Let's explore how a client would interact with the Pol.is math system through its API by showing pseudo-code for common operations.

In [None]:
# API Usage Examples
import json

# This is pseudo-code to show how a client would interact with the API
# In a real application, you would use a HTTP client library to make these requests

api_examples = """
# Python HTTP Client Example (using requests)
import requests
import json

BASE_URL = "http://localhost:8000/api/v3"

# 1. Health check
response = requests.get(f"{BASE_URL}/health")
print("Health check:", response.json())

# 2. Create a new conversation (implicit from first vote)
conversation_id = "my-conversation-123"

# 3. Submit votes
votes_data = {
    "votes": [
        {"pid": "participant1", "tid": "comment1", "vote": 1},
        {"pid": "participant1", "tid": "comment2", "vote": -1},
        {"pid": "participant2", "tid": "comment1", "vote": 1},
        {"pid": "participant2", "tid": "comment3", "vote": 1},
    ]
}
response = requests.post(f"{BASE_URL}/votes/{conversation_id}", json=votes_data)
print("Submit votes:", response.json())

# 4. Apply moderation
moderation_data = {
    "mod_out_tids": ["comment2"],  # Exclude comment2
    "mod_in_tids": ["comment1"],    # Feature comment1
    "meta_tids": [],                # No meta comments
    "mod_out_ptpts": []             # No excluded participants
}
response = requests.post(f"{BASE_URL}/moderation/{conversation_id}", json=moderation_data)
print("Apply moderation:", response.json())

# 5. Force recomputation
response = requests.post(f"{BASE_URL}/math/{conversation_id}")
print("Force recomputation:", response.json())
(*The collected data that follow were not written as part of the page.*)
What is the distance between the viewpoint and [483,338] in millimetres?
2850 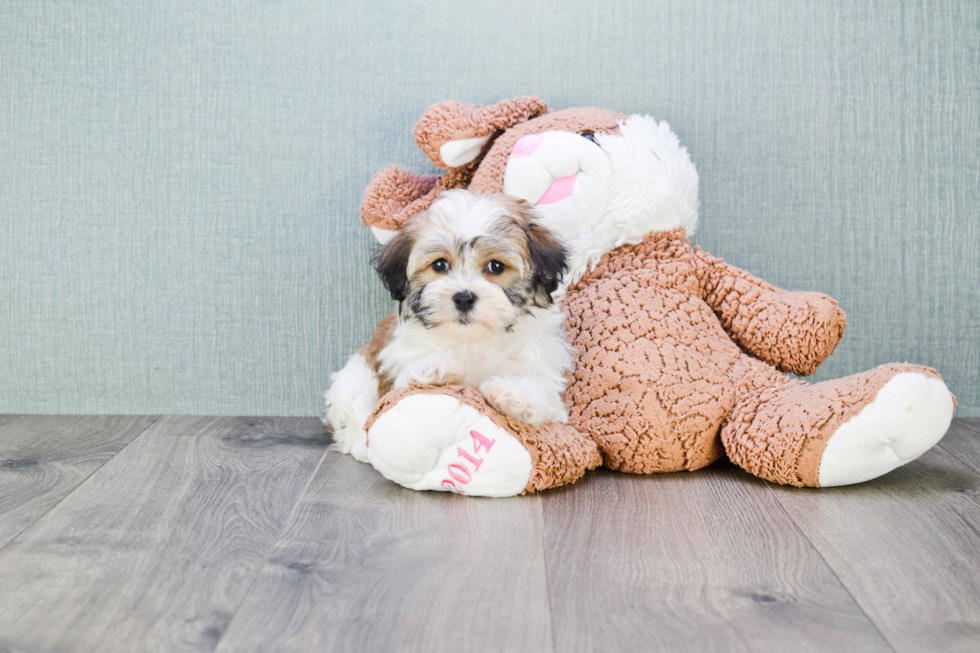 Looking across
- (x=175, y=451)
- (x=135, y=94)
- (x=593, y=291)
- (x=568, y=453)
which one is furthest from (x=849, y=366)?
(x=135, y=94)

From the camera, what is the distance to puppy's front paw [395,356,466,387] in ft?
5.40

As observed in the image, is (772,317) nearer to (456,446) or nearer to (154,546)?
(456,446)

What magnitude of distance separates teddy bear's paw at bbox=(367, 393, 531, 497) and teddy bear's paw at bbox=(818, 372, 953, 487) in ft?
2.15

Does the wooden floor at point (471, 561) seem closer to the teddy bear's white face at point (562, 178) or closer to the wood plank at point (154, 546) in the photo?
the wood plank at point (154, 546)

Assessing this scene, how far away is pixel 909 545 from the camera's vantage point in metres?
1.38

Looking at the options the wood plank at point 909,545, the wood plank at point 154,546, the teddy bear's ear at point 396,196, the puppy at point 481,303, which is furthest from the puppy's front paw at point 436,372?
the wood plank at point 909,545

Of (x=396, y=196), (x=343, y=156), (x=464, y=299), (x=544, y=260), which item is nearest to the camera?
(x=464, y=299)

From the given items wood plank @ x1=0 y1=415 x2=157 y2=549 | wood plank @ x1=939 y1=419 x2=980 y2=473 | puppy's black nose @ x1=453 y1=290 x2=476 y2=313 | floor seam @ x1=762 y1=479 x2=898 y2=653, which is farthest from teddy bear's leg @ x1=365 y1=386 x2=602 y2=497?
wood plank @ x1=939 y1=419 x2=980 y2=473

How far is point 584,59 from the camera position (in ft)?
7.47

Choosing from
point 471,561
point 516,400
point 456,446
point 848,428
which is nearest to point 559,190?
point 516,400

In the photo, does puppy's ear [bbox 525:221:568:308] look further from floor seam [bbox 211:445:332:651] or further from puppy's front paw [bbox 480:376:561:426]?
floor seam [bbox 211:445:332:651]

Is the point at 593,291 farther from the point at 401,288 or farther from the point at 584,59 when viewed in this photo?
the point at 584,59

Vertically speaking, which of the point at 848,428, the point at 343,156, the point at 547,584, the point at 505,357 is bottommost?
the point at 547,584

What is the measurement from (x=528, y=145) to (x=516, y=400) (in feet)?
2.18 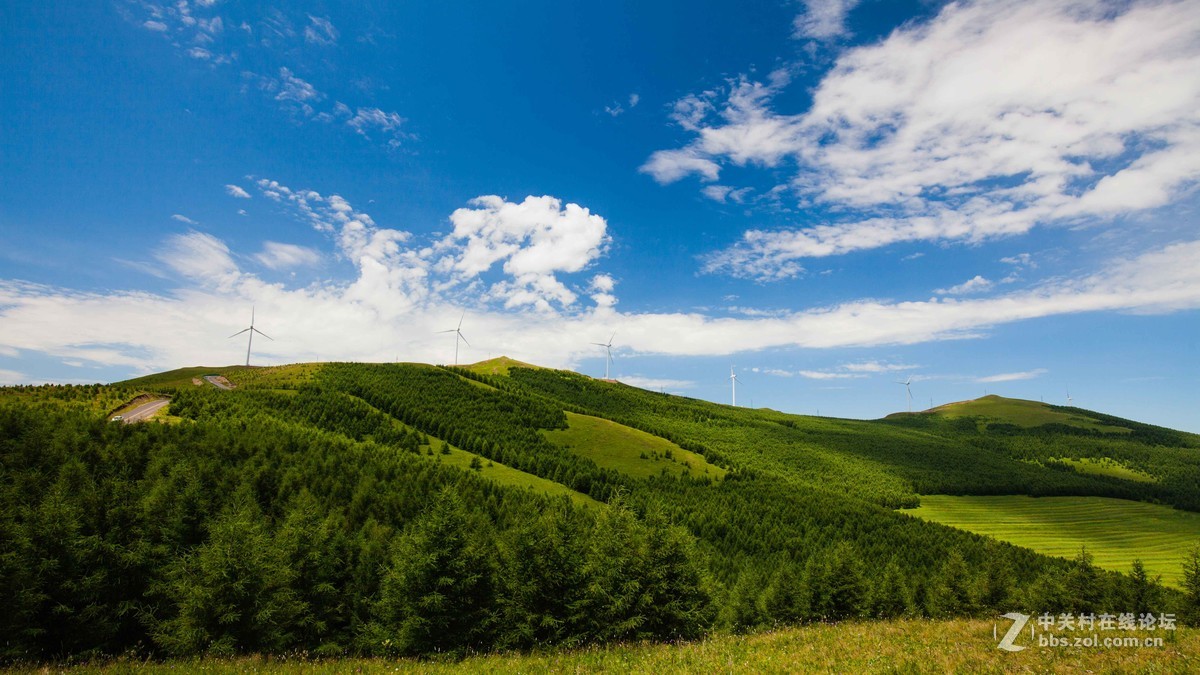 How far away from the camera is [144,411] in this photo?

# 6. Get conversation data
response = requests.get(f"{BASE_URL}/conversations/{conversation_id}")
conversation_data = response.json()
print("Conversation participants:", len(conversation_data.get('participants', [])))
print("Conversation comments:", len(conversation_data.get('comments', [])))
print("Conversation groups:", len(conversation_data.get('groups', [])))

# 7. List all conversations
response = requests.get(f"{BASE_URL}/conversations")
all_conversations = response.json()
print("All conversations:", [conv['conversation_id'] for conv in all_conversations])
"""

print("API Usage Example:")
print(api_examples)

## 7.12 Summary

The Pol.is system integration components provide:

1. Centralized configuration management through the `ConfigManager`
2. Database integration through the `PostgresManager`
3. Conversation state management through the `ConversationManager`
4. HTTP API endpoints through the `Server` component
5. Background polling through the `Poller` component
6. System orchestration through the `SystemManager`

These components work together to provide a complete system for managing Pol.is conversations, processing votes, performing mathematical computations, and exposing the results through a RESTful API.

To run the full system in a production environment, you would typically:

1. Configure the system with appropriate database credentials and other settings
2. Start the system using `SystemManager.start(config)`
3. Let it run continuously, processing votes and moderation changes
4. Interact with it through the HTTP API
5. Shut it down gracefully using `SystemManager.stop()` when needed

The Python conversion provides a modular and maintainable architecture that makes it easy to extend and customize the system for different deployment scenarios.